No final da década de 1950, a Escola Agrotécnica Benjamin Constant oferecia dois cursos: o de Técnico Agrícola e o de Economia Doméstica. O curso de Técnico Agrícola estava mais articulado às práticas tradicionalmente desenvolvidas na Escola. O curso de Economia Doméstica era ainda uma novidade no trabalho da instituição. Os cursos da Escola ganharam uma valorização importante a partir do ano de 1957, quando a Escola Agrícola Benjamin Constant foi transformada em Escola Agrotécnica Benjamin Constant. Essa mudança de denominação significava que partir daquele ano começou a ser ministrado o ensino secundário agrícola, em três anos. O curso agrotécnico correspondia então aos cursos clássico e científico e conferia aos concludentes o diploma de técnico agrícola que possibilitava a inscrição dos seus portadores nos exames vestibulares para as escolas superiores do país .
Os anos do final da década de 1950 e início da década seguinte representam um período de grandes transformações em vários países, no sentido da valorização do ensino secundário agrícola. Nos Estados Unidos da América, a modalidade foi estimulada após a vigência da lei de estímulo à educação vocacional aprovada em 1963 . No Brasil, esses padrões estavam associados à perspectiva nacional-desenvolvimentista. Para esta corrente de pensamento, a educação escolar seria a principal ferramenta indutora das políticas de desenvolvimento econômico.
Não obstante as atividades produtivas terem sido sempre uma tônica das práticas educativas da Escola, são freqüentes os registros que dão conta da insubordinação dos alunos em resistência a este tipo de atividade . Mesmo assim, as atividades do curso agrotécnico possibilitaram um aumento na produção das culturas plantadas na Escola. No primeiro ano de funcionamento do curso foram plantados 20 hectares de mandioca, 25 de arroz, 20 de capim guatemala, 30 de capim sempre verde e gordura, oito mil covas de inhame, um hectare de café sombreado, mil covas de bananeira. Além disso, foram feitos três mil enxertos de citrus e mangueiras e plantadas mudas de canafístula, oitizeiro, cróton, flamboyant, fícus-benjamin e sebes de eucalipto. As atividades de horticultura incluíram o cultivo de 15.600 metros quadrados, com o emprego intensivo de máquinas agrícolas . Ademais, foi significativa também a produção de abóbora, acelga, alface, berinjela, aipim, cebola, cebolinha, cenoura, chicória, coco, coentro, couve, ervilha, hortelã, macaxeira, maxixe, mostarda, pepino, pimenta, pimentão, quiabo, rabanete, repolho e tomate . No que diz respeito à produção de carne, os resultados também foram significativos: 5.007 quilos de carne bovina, 600 quilos de carne suína e 181 quilos de carne ovina . As atividades agroindustriais resultaram ainda na produção de 13.850 quilos de arroz beneficiado, 2.856 quilos de farinha de mandioca, 540 quilos de farelo de arroz, 635 de fubá de milho e 328 de fubá de arroz .

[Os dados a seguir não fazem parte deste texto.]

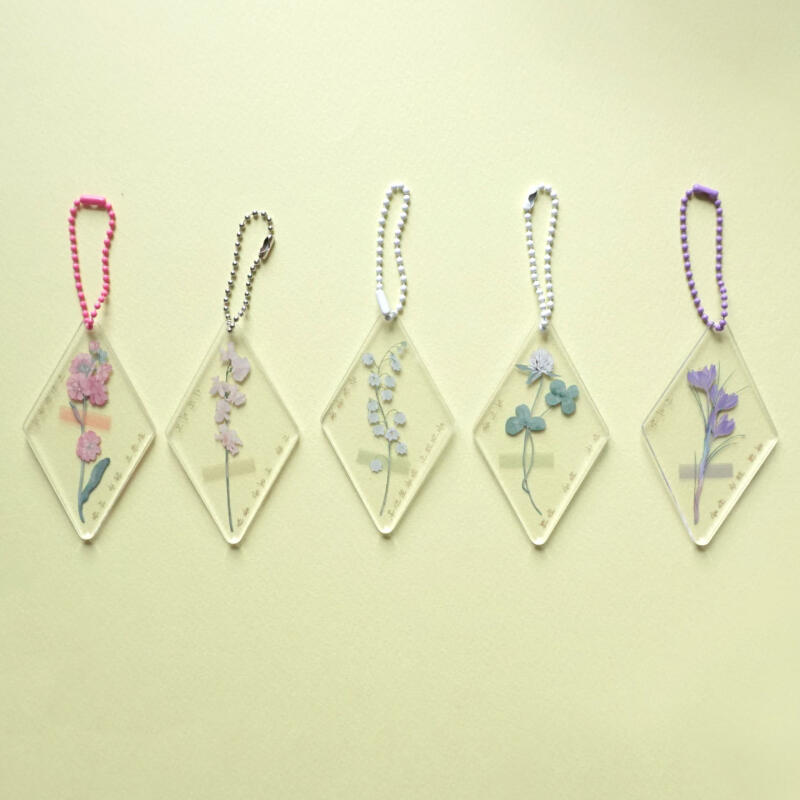 Flower Road Side Story Keychain Sweet Pea Silver
Flower Road Side Story Keychain Sweet Pea Silver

Um outro avanço do ponto de vista das atividades da Escola, observado após a sua transformação em Escola Agrotécnica Benjamin Constant foi o fato de se haver acelerado o processo de implantação do Núcleo de Indústrias Rurais, a partir do ano de 1958, superando entraves orçamentários que até então estavam impedindo tal implantação. Um bom exemplo é o da fábrica-escola de laticínios, cujos equipamentos se encontravam na instituição desde o ano de 1954, mas que não entravam em funcionamento por falta de recursos financeiros para investir nas necessárias obras de engenharia civil requisitadas para a construção do edifício e instalação da infra-estrutura , o que somente ocorreu no ano de 1958.

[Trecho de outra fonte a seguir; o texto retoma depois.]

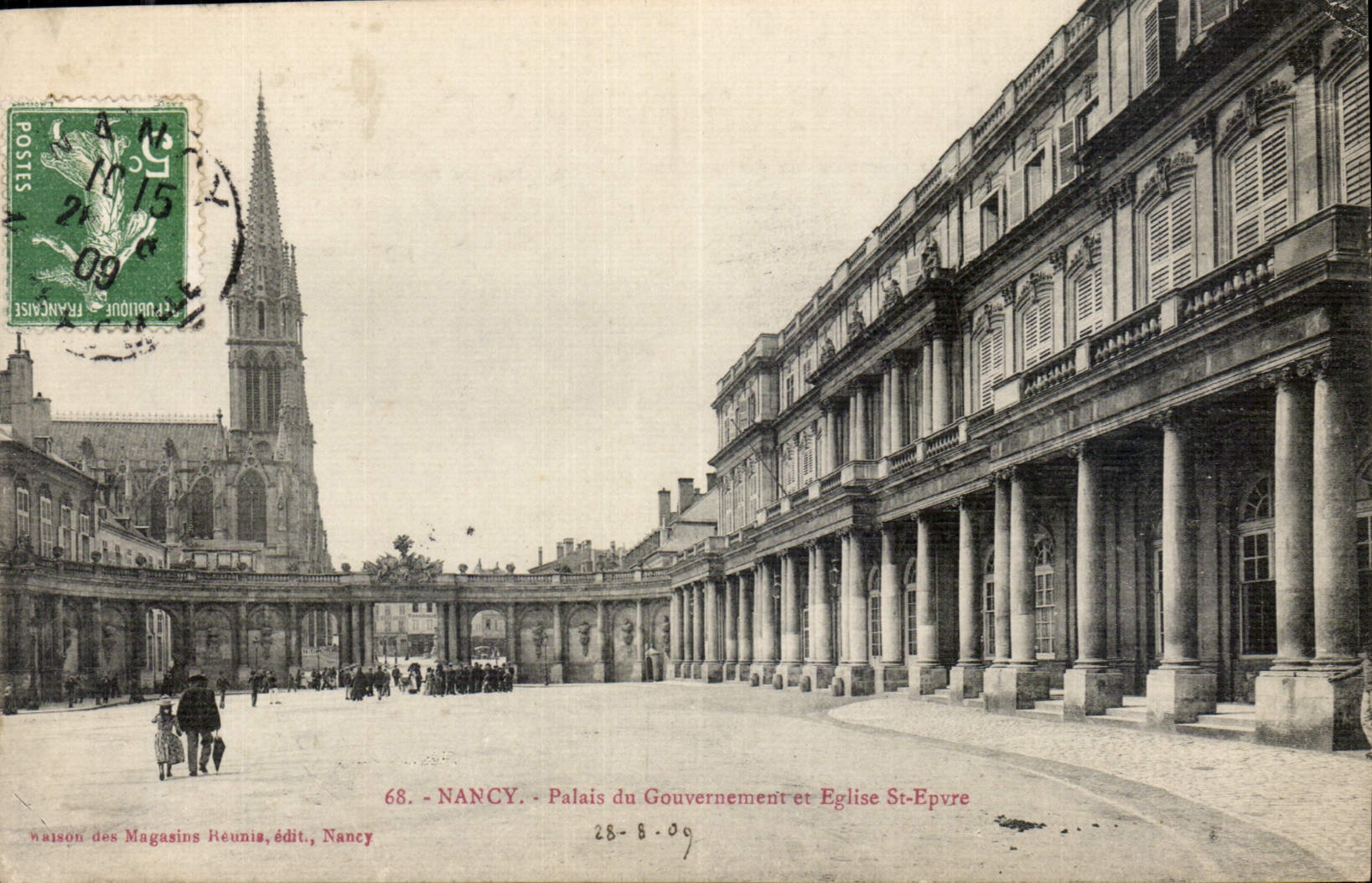 CPA Nancy Palais du Gouvernement et Eglise St Epvre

Ao definir, na década de 1950, o homem que imaginava devesse ser aquele formado pela escola que dirigia, o professor João Fernandes de Sousa revelou os fundamentos filosóficos do seu projeto pedagógico:
Seria, sem dúvida, o ideal conseguirmos “The right man in the right place”, porém a nossa é feita em bases bem diversas. Diz a pedagogia moderna que necessitamos do homo-utilissimus, a sociedade não precisa do homo sapiens nem do homo faber. Êstes princípios estão contidos na expressão ´men sana in corpore sano´. Pouco útil, ou talvez nocivo a uma sociedade que possui um homem de um Q.I. elevado, mas cheio de complexos consigo mesmo ou com a própria comunidade que, por fôrça, o agasalha .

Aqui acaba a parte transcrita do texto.